With 30 observations per group and a two-sided test at the standard significance level, you only have 80% power to detect an effect size of about 0.74 (measured using a standardized metric called Cohen’s d). That’s a large effect. If the real difference you’re looking for is moderate, say around 0.5, a sample of 30 per group will miss it more often than not. If you want 90% power with a two-sided test, you’d need an effect size of 0.85 or larger for 30 observations to be sufficient. In practical terms, this means a sample of 30 is only reliable for spotting differences that are already pretty obvious.

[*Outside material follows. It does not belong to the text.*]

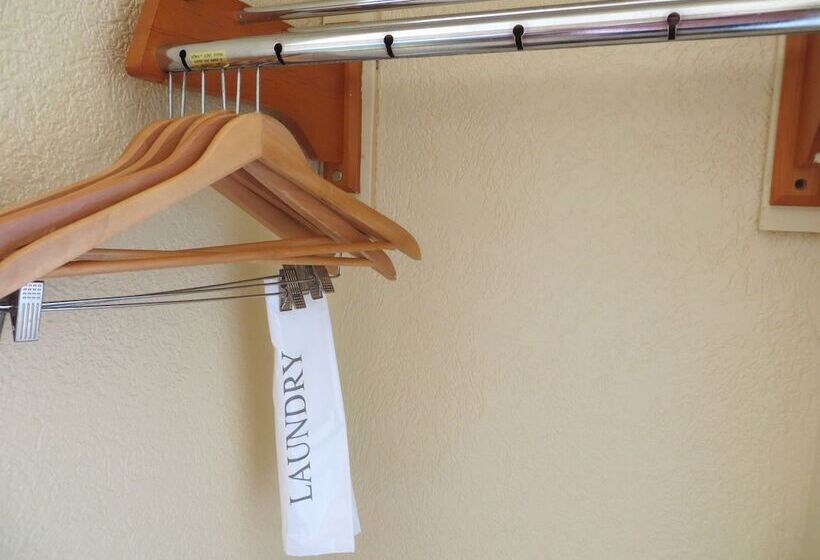 فندق Travelodge By Wyndham Savannah Area/richmond Hill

Why Modern Statisticians Want to Retire the Rule
A well-known paper from Google Research argued directly that it’s time to retire the “n ≥ 30” rule, calling it a relic of the pre-computer era. The paper demonstrated cases where even 1,664 observations weren’t enough for t-test inferences to be reasonably accurate, depending on the shape of the underlying data. If a sample that large can fail, then 30 clearly isn’t a safe universal floor.

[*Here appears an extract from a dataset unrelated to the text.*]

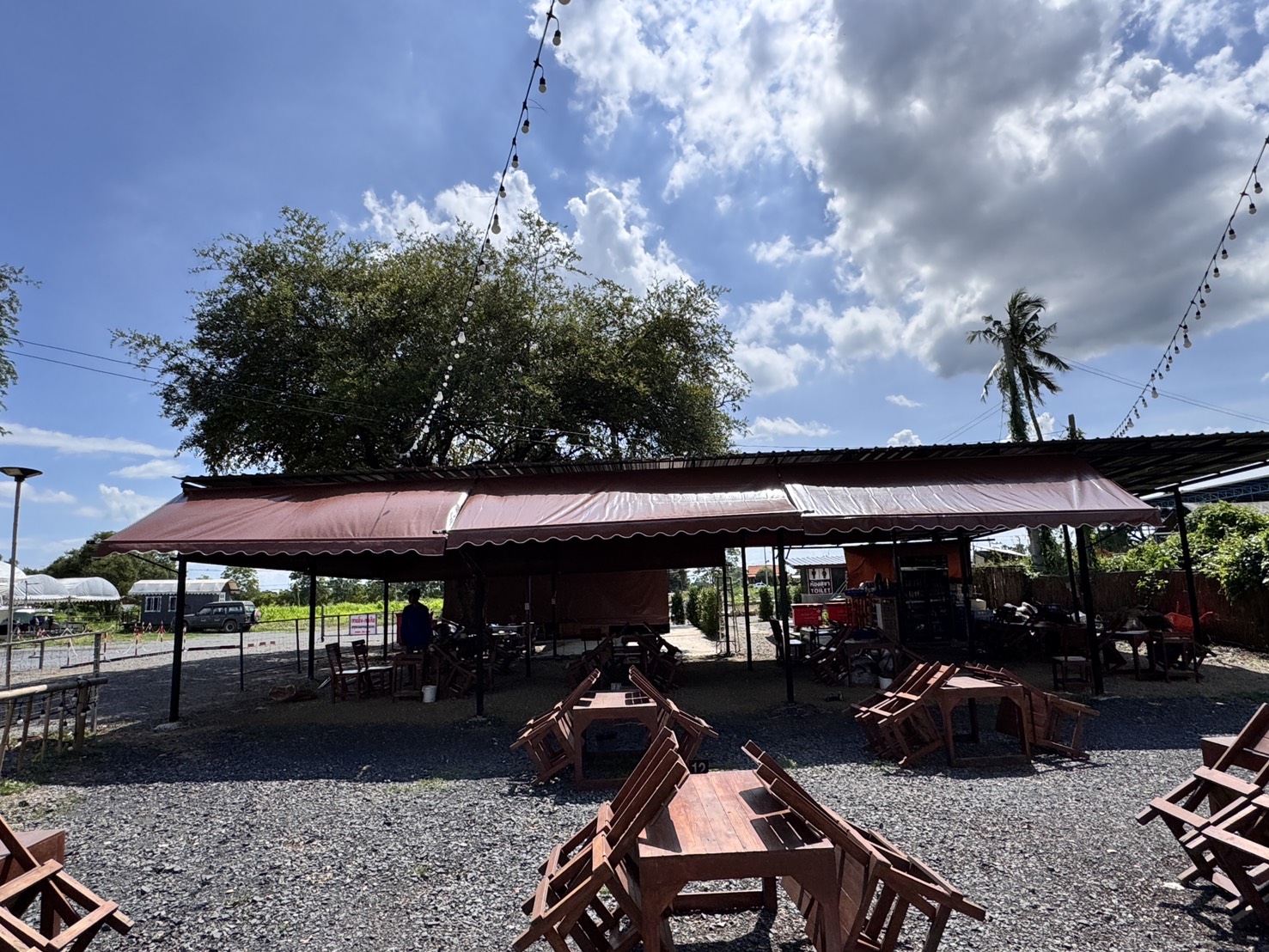 86 - https://ร้านผ้าใบราคาถูก.com | ร้าน ฐิติวัฒน์ จำหน่ายผ้าใบและรับติดตั้งผ้าใบชักรอก ผ้าใบชุดมือหมุนแขนยื่น เต็นท์ผ้าใบทุกชนิด ราคาถูก ติดตั้งฟรี!!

The core problem is that the rule treats sample size as a fixed number when it should be a decision based on context. The right sample size depends on how skewed your data is, how large an effect you’re trying to detect, how much uncertainty you can tolerate, and what kind of analysis you’re running. Modern approaches use power analysis (calculating the sample size you need before collecting data) or computer-intensive methods like bootstrapping, which resample your actual data thousands of times to check whether your conclusions hold up. These tools make the old rule unnecessary.
Why the Rule Persists
Despite its limitations, the n ≥ 30 guideline survives because it’s simple, easy to teach, and works reasonably well in introductory statistics courses where examples tend to use well-behaved data. It gives students a concrete number to anchor to when they’re first learning about sampling. For symmetric, unskewed data with no extreme outliers, 30 genuinely is a reasonable starting point. The trouble comes when people carry this classroom heuristic into real-world research, where data is messy, effects are small, and the stakes of getting it wrong are high.
If you’re designing a study or evaluating someone else’s, the honest answer to “how many observations do I need?” is always “it depends.” The number 30 is a pedagogical shortcut, not a statistical law.